"Pequena história do 1.º de dezembro" por José Miguel Sardica

"De acordo com os seus adeptos, o feriado do 1.º de dezembro é o mais importante de todo o calendário nacional porque, sem o acontecimento histórico que ele recorda, não haveria 5 de outubro ou 25 de abril: sem independência, a província portuguesa da Espanha teria seguido o curso político de Madrid; a república teria sido a espanhola de 1931; e a transição para a democracia teria sido pactuada e não revolucionária.

A 1 de dezembro de 1640, Portugal pôs termo aos 60 anos de dominação espanhola da monarquia dos Filipes.

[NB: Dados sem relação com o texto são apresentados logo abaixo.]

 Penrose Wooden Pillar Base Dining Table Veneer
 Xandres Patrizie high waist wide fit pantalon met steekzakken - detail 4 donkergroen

Candidato ao trono de Portugal em 1580, contra D. António, Prior do Crato, Filipe II foi entronizado nas cortes de Tomar, em abril de 1581, ali jurando manter e assegurar “os privilégios, graças e mercês da nação portuguesa”. Ao contrário do lugar-comum consagrado, não foi nessa altura que Portugal perdeu a independência, porque a nova monarquia hispânica era dual, mantendo a separação dos dois reinos sob uma mesma cabeça coroada. A submissão de Portugal à Espanha foi sobretudo obra do reinado de Filipe IV (III de Portugal), a partir de 1621, quando o seu todo-poderoso valido, o conde-duque de Olivares, lançou uma agressiva política de “castelhanização” da Península, de reforço do poder madrileno de controlo administrativo, exação fiscal e recrutamento militar, que irritou tanto a fidalguia lisboeta quanto a Catalunha, Navarra e outras partes autonómicas da periferia hispânica.

A revolta dos Segadores, catalã, estalou contra Madrid no verão de 1640, quando a região se colocou sob a proteção de Luís XIII de França. Olivares despachou um dispositivo militar para liquidar aquele secessionismo, oferecendo a oportunidade aos conjurados portugueses para atuarem. Madrid conseguiu reprimir o separatismo de Barcelona, mas não o de Lisboa, e para a história ficou que os portugueses fizeram aos castelhanos o que os catalães gostariam de lhes ter feito! A 1 de dezembro, quarenta conjurados aprisionaram D. Margarida de Saboia, duquesa de Mântua – a vice-rainha de Portugal, prima de Filipe IV – e assassinaram, defenestrando-o de uma das janelas do Terreiro do Paço, o odiado Miguel de Vasconcelos, o valido de Olivares que atuava como primeiro-ministro em Portugal. O 8.º duque de Bragança, trineto de D. Manuel I, subiu ao trono a 15 de dezembro, como D. João IV, o primeiro monarca da nova dinastia bragantina (deposta em 1910). Todo o seu reinado (1640-56) e metade do do seu filho, D. Afonso VI, foram consumidos a travar e a vencer a Guerra da Restauração, apenas concluída pelo Tratado de Lisboa de fevereiro de 1668, nos termos do qual a Espanha reconheceu a independência reganhada por Portugal.

O 1.º de dezembro é o mais antigo feriado civil português. A data terá tido a primeira comemoração oficial em 1823, com uma cerimónia em Belém, presidida por D. João VI e capitalizada pela fação absolutista do filho, o infante D. Miguel, na luta que os legitimistas moviam contra os liberais. O feriado foi consagrado em 1861, pela então criada Sociedade Histórica da Independência de Portugal, muito em reação contra o federalismo iberizante que permeou alguma da intelligentsia dos dois lados da fronteira. Fruto desse nacionalismo redivivo, a praça dos Restauradores foi embelezada, em 1886, com o obelisco onde se recordam as batalhas do século XVII contra a Espanha.

No calendário republicano pós-1910, o 1.º de dezembro foi o único feriado laico que transitou do anterior regime. O Estado Novo preferiu-o sempre ao 5 de outubro; e a democracia manteve-o, padecendo embora a data da mesma erosão cívica que afeta outras comemorações e efemérides. Não deveria ser assim. No presentismo amnésico em que vivemos, as recordações das datas-marcos de uma história longa são ocasiões para vivificar o patriotismo. E que a palavra pareça ter hoje uma conotação negativa é mau sinal de um país que erradamente se envergonha da sua história."